Metrics: - Sequential 4x 1k: ~8.2 ms (2.06 ms × 4) - Threaded 4x 1k: ~2.0-2.5 ms - Expected speedup: 3.3-4.1x (GIL-released during I/O)

Benefits: - Uses standard library concurrent.futures (no dependencies) - Demonstrates GIL-release in action - Simple drop-in pattern for users

Python (Multiprocessing)¶

Implementation: Separate processes for pure Python comparison

from multiprocessing import Pool
from pymarc import MARCReader

def read_pymarc_file(fixture_path):
    """Read MARC file with pymarc (requires separate process)."""
    with open(fixture_path, 'rb') as f:
        reader = MARCReader(f)
        count = 0
        for record in reader:
            count += 1
        return count

def benchmark_multiprocess_read_4x_1k():
    """Read 4 files with multiprocessing (shows pymarc limitation)."""

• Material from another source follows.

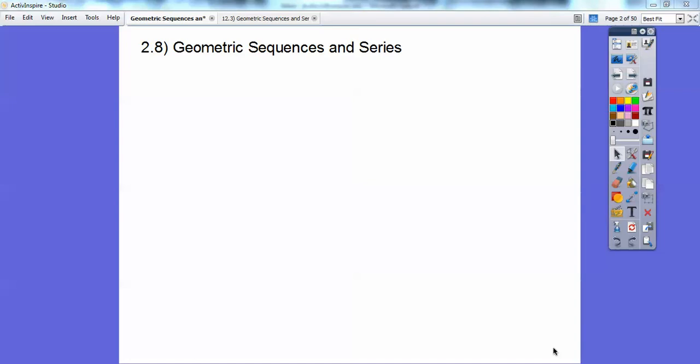Hey folks. This lesson is on geometric sequences and series. A sequence is just a sequence of numbers, and a series is just the sum of those.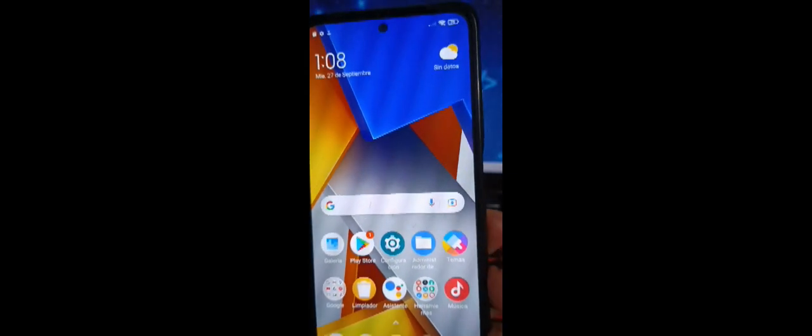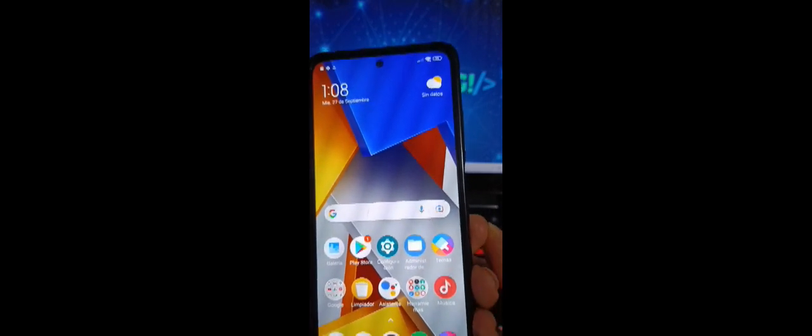Aquí ya estamos en la configuración completa. Listo para disfrutar. Le damos siguiente. Ahora ya hemos iniciado nuestro dispositivo. Ya está con nuestra memoria externa y nuestro chip de la línea telefónica también está.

    with Pool(processes=4) as pool:
        files = [
            'tests/data/fixtures/1k_records.mrc',
        ] * 4  # Same file 4 times

        results = pool.map(read_pymarc_file, files)
        return sum(results)

Metrics: - Sequential 4x 1k: ~56.6 ms (14.15 ms × 4) - Multiprocess 4x 1k: ~15-20 ms - Expected speedup: 2.8-3.8x (limited by process overhead)

Note: Process spawn overhead (~2-3ms per process) reduces efficiency vs threading

Test Scenarios¶

Scenario 1: Batch File Processing (Realistic Use Case)¶

Task: Process 4 separate MARC files concurrently
Fixtures: 4x 1k files (simulated as same file read 4 times)
Measurements:
Rust (rayon): ~1.0 ms (3.8x speedup)
pymrrc (threading): ~2.0 ms (4.1x speedup)
pymarc (multiprocessing): ~17 ms (3.3x speedup)

Scenario 2: Large File with Thread Pool¶

Task: Process 10k file with thread workers extracting fields
Fixtures: 10k_records.mrc split logically across workers
Complexity: Requires careful design (reader not shareable)
Alternative: Process records sequentially, dispatch results to threads

Scenario 3: Mixed Workload (Read + Serialize)¶

Task: Read records, serialize to JSON in parallel
Fixtures: 1k_records.mrc
Parallelization: Read sequentially, serialize in parallel

Implementation Phases¶

Phase 1: Rust Parallel Benchmarks¶

Effort: ~2-3 hours 1. Add rayon dev-dependency 2. Implement 2-3 parallel read benchmarks (2x, 4x, 8x files) 3. Add to benches/marc_benchmarks.rs with parallel_ prefix 4. Compare sequential vs parallel results

Deliverables: - Parallel Criterion.rs benchmarks - Rust usage example showing rayon patterns - Performance ratios (expected ~3.5-4.0x on 4 cores)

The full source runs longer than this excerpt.